Auto AP1130-2017/29726 de febrero 22 de 2017

CORTE SUPREMA DE JUSTICIA

SALA DE CASACIÓN PENAL

AP1130-2017

Rad.: 29726

Magistrado Ponente:

Dr. Gustavo Enrique Malo Fernández

Aprobado Acta Nº 50.

(Legis considera conveniente que los datos de las partes y testigos, sean suprimidos por las iniciales de nombres y apellidos y en los números de cédulas reemplazados por XXX, con el propósito de proteger los derechos contemplados en el artículo 15 de la Constitución Política)

Bogotá, D. C., veintidós de febrero de dos mil diecisiete.

Vistos

Derrotado el proyecto inicialmente presentado, procede la Sala a resolver la petición de libertad provisional elevada por el defensor de la procesada Z... D... C... J... C...

Antecedentes procesales

La Fiscalía 13 Delegada de la Unidad Nacional de Delitos contra la Administración Pública, remitió a esta corporación copias del proceso penal adelantado al doctor Sergio Manuel Hernández Gamarra, exrector de la Universidad de Cartagena, con la finalidad de investigar la conducta de la doctora Z... D... C... J... C..., quien, en calidad de Presidente de la Cámara de Representantes durante el periodo legislativo 2004-2005, suscribió con esa institución de educación superior los convenios interadministrativos 001 y 003 de 2005, desconociendo, presuntamente, los requisitos esenciales de la contratación pública; además, en relación con el primero de estos negocios jurídicos, señaló la probable existencia de un detrimento patrimonial en perjuicio del Estado.

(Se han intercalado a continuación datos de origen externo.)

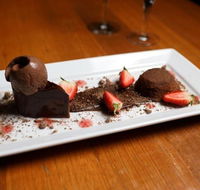 Goa Indian Fusion - Accommodation in Surfers Paradise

En el curso de la investigación, se estableció que la aforada, en iguales circunstancias que los anteriores, suscribió con la misma Universidad el Convenio 001 de 2004…”(1).

El 10 de octubre de 2012, la Sala resolvió la situación jurídica de la procesada, imponiéndole como medidas de aseguramiento no privativas de la libertad las siguientes: La obligación de someterse a un mecanismo de vigilancia electrónica, la prohibición de salir del país y caución en cuantía de diez (10) salarios mínimos legales mensuales vigentes, como presunta autora responsable de los punibles de contrato sin cumplimiento de requisitos legales cometido en concurso homogéneo, y peculado por apropiación, en concurso heterogéneo.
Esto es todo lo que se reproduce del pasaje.